Friday, July 23, 2010

Rag & Bone early contenders for John Varvatos preservationists of the year

Back in March, I noted the for lease signs going up on the southeast corner of Houston and Elizabeth above the cozy Cafe Colonial, which opened here in 1994... this is what the landlord was selling the space as... (thanks Keith McNally!)

Now, the new tenant here -- Rag & Bone -- is opening shop today... as I witnessed from the sidewalk, they had a pizza/beer preview party the other evening... (Is that pizza from Pulino's?)

In any event, Racked has more on the new store, include a message from ownership not to take the change in businesses personally... Per Racked:

A company rep did emphasize to us that Rag & Bone "did not swoop in" and kick Café Colonial out with capacity to afford higher rent payments. The beloved restaurant already lost its lease before talks even began, but now at least the nabe gets a shiny new store as opposed to a sad empty storefront. Rag & Bone did make a strong effort to keep many of the iconic signature from ye old Café Colonial, including the lovingly-worn blue and white tile floor, the white kitchen wall tiles and the white painted pressed tin ceilings.

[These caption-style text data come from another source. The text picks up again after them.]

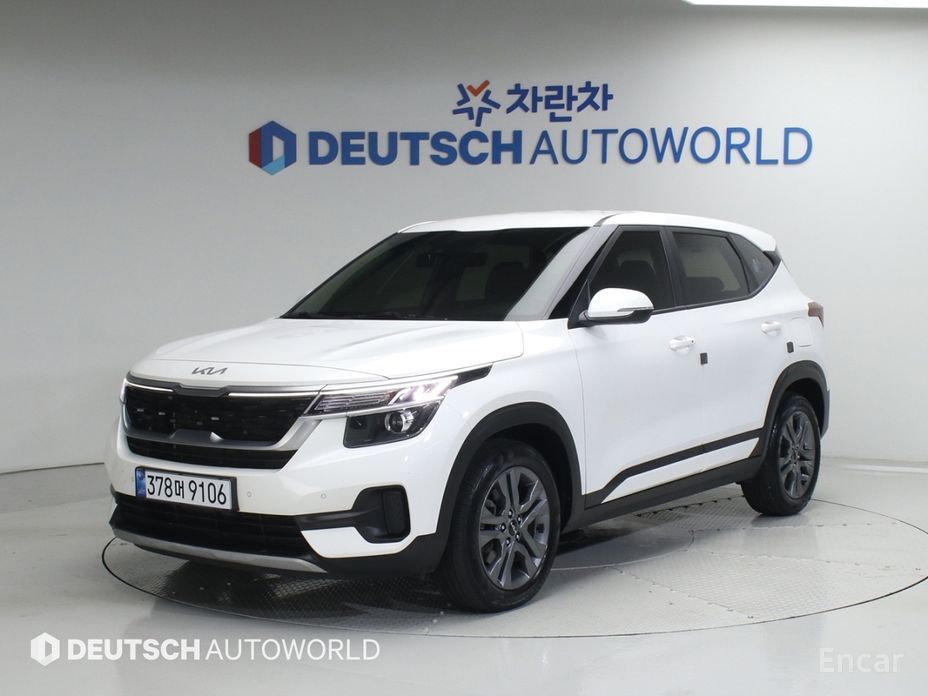 Kia Seltos 2023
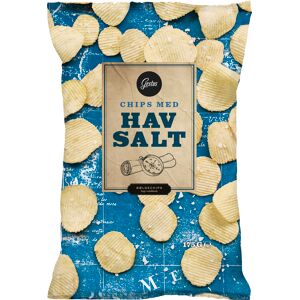 GESTUS CHIPS ZEEZOUT 175 G - 175 g GESTUS CHIPS ZEEZOUT 175 G - 175 g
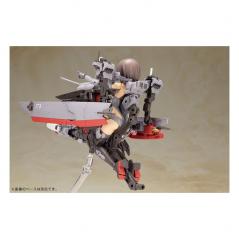 Frame Arms Girl Maqueta Kongo Destroyer Version II Kotobukiya - 21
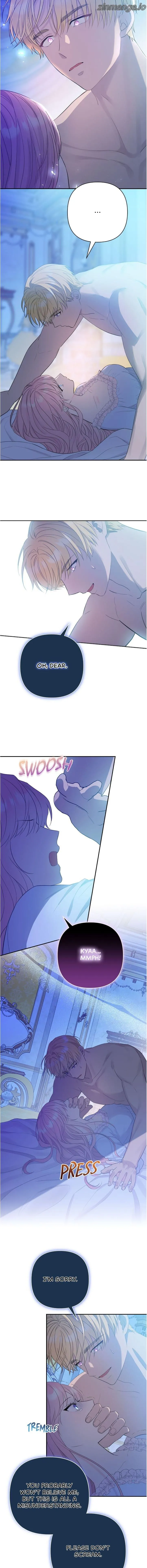 The Empress Wants To Avoid the Emperor chapter 12 page 10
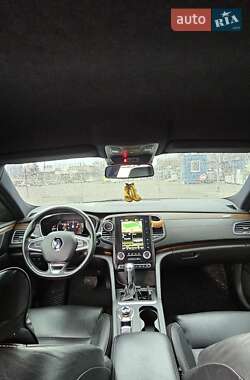 Седан Renault Talisman 2016 в 
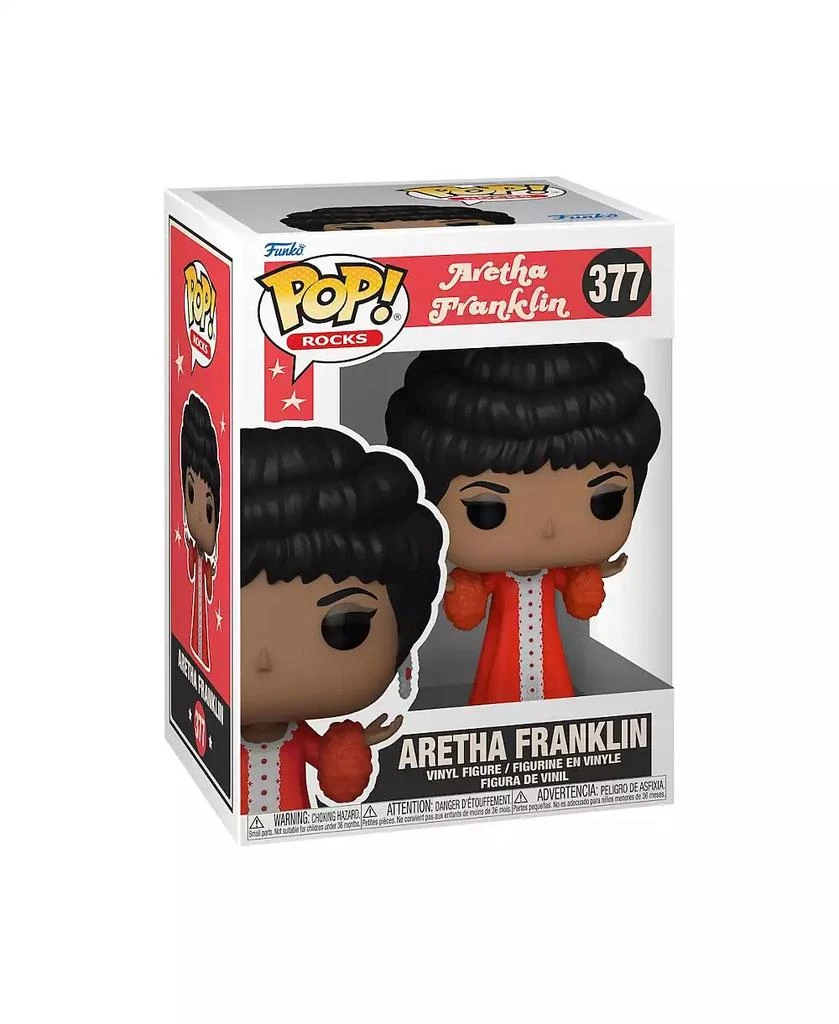 商品Funko|Aretha Franklin Pop! Vinyl Figure,价格¥112,第1张图片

This reminds me of Jeremiah's essay last week titled Faux-dora, in which he wrote:

More and more, beloved icons of the city are getting their guts ripped out for revamping, given over to the wealthy, made exclusive, though the husks are kept intact for the cultural cachet they bring to the new owners, who pride themselves on their dedication to preservation, and receive praise for saving the old holes in the wall from turning into banks.

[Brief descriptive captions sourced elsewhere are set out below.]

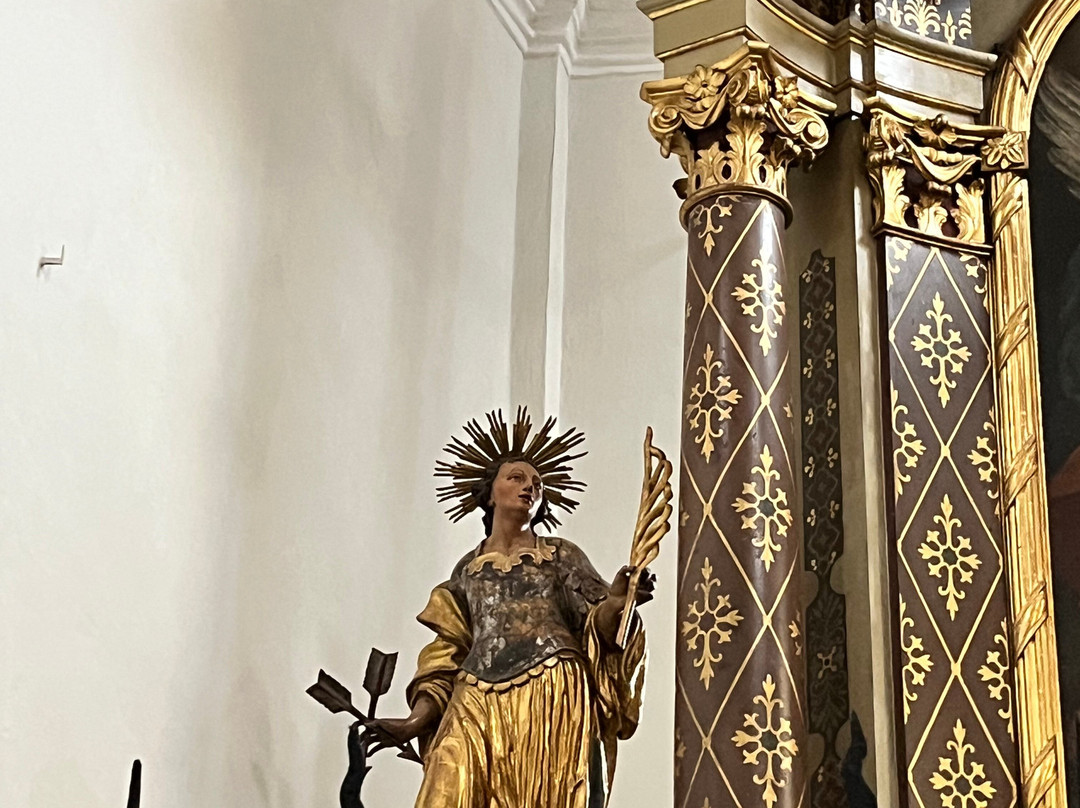 Chiesa dell'Angelo Custode-布雷萨诺内必去景点
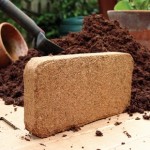 Coir Compost Compressed Brick 1×9 Litre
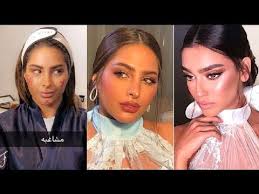تتوريال مكياج وعد التركي على فوز الفهد سناب وعد التركي Youtube Youtube Style Girl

Well, Cafe Colonial doesn't qualify as a beloved icon, but the trend continues...

Previously on EV Grieve:
Future of 276 Elizabeth apparently doesn't include the Cafe Colonial

1 comment:

blue glass said...

too bad
cozy cafe colonial was a link to the small-town past of norman rockwell which gave us visual comfort along with comfort food (at fairly reasonable prices).
saving the shell really doesn't cut it (the former church on east 11th street is a prime example of that).
everything is cold, glass, anti-social, complicated and "improved".
one of these days i'm going to find something to give a positive reply to. i look forward to that day.